START Input material
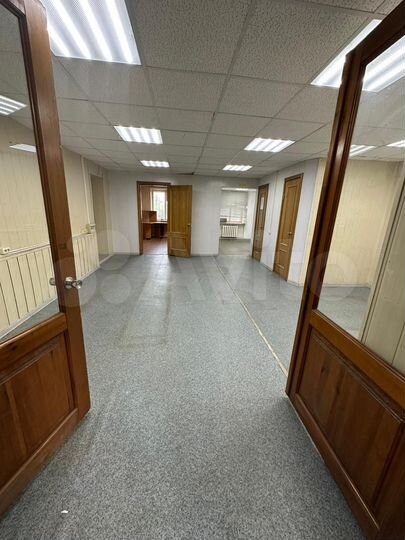 Торговая площадь, 60 м²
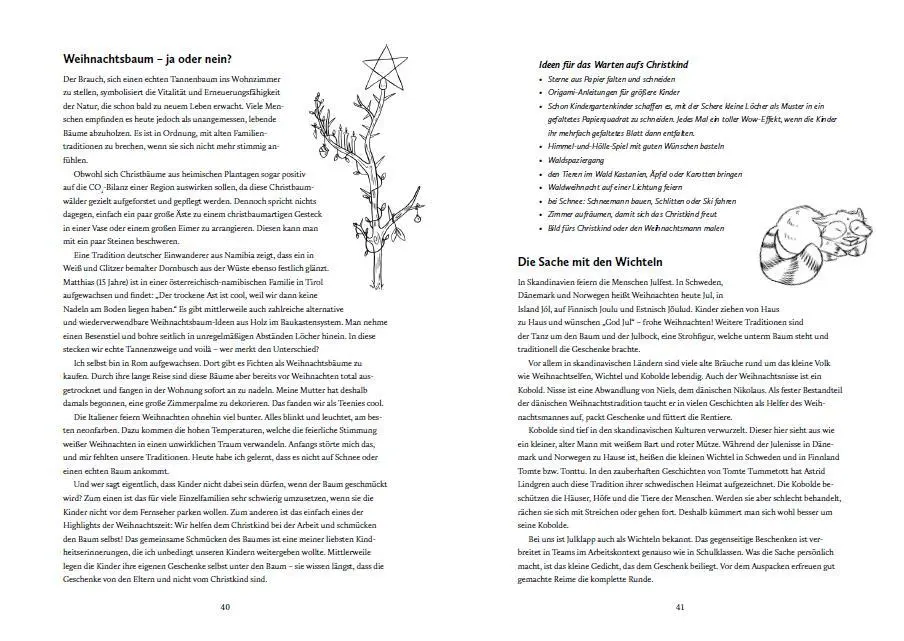 Bild: 9783948885243 | Familienbande im Jahreskreis | Verena Wagner | Buch | 168 S. | Deutsch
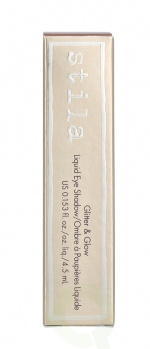 Stila Glitter & Glow Liquid Eye Shadow 4.5 ml Kitten Karma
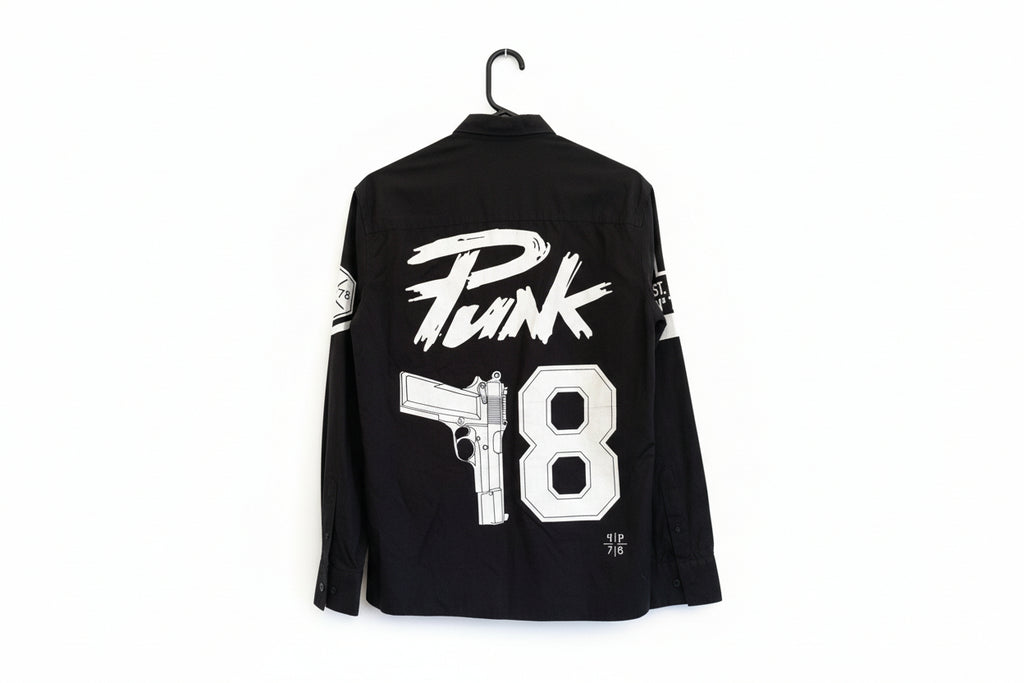 Philipp Plein Shirt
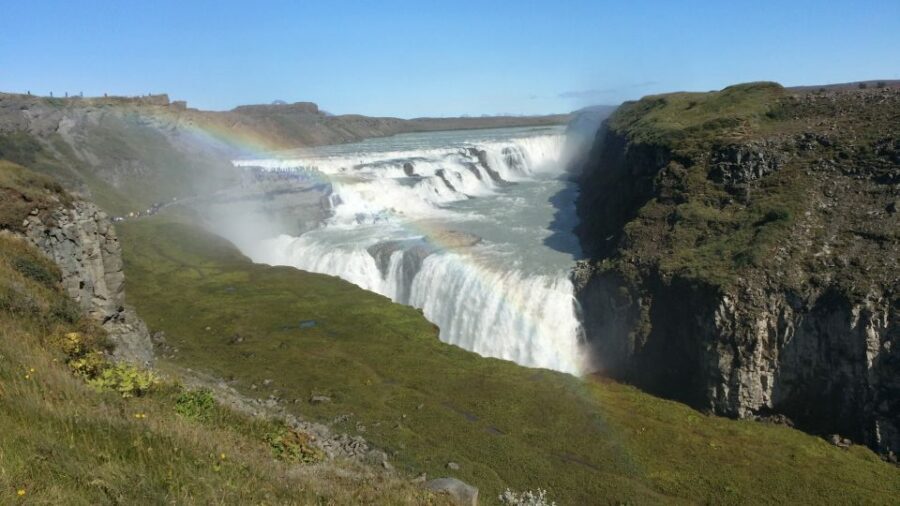 Reykjavik: Golden Circle & Langjökull Glacier on a Jeep - Guides and Small-Group Style: Why Up to 10 People Feels Better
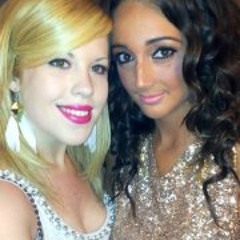 Sophie 'Sophie B' Brett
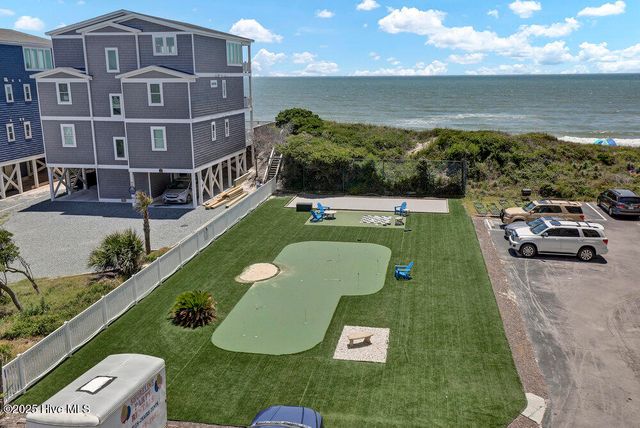 2000 New River Inlet Road Unit 3213, North Topsail Beach, NC 28460
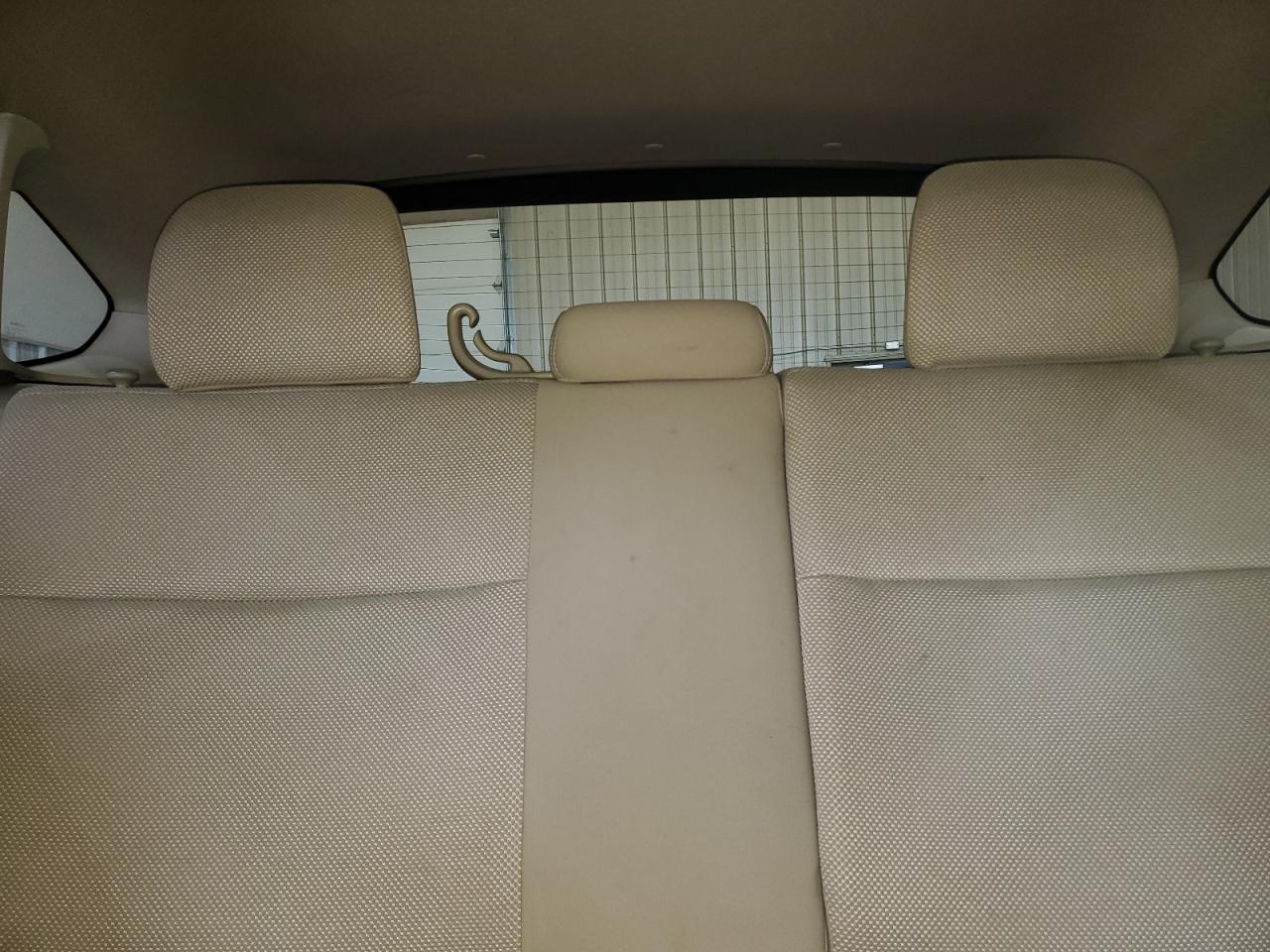 SUBARU XV 2.0 PREMIUM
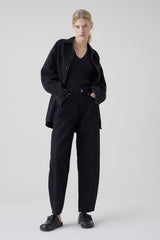 Closed Fayna Pant in Black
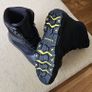 mens dunlop hudson safety boots uk12 Image 2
END Input material
> _Exercise requirements_:
Each line above is to be duplicated exactly, and the pictures are to be omitted.

> _Output_:
 Торговая площадь, 60 м²
 Bild: 9783948885243 | Familienbande im Jahreskreis | Verena Wagner | Buch | 168 S. | Deutsch
 Stila Glitter & Glow Liquid Eye Shadow 4.5 ml Kitten Karma
 Philipp Plein Shirt
 Reykjavik: Golden Circle & Langjökull Glacier on a Jeep - Guides and Small-Group Style: Why Up to 10 People Feels Better
 Sophie 'Sophie B' Brett
 2000 New River Inlet Road Unit 3213, North Topsail Beach, NC 28460
 SUBARU XV 2.0 PREMIUM
 Closed Fayna Pant in Black
 mens dunlop hudson safety boots uk12 Image 2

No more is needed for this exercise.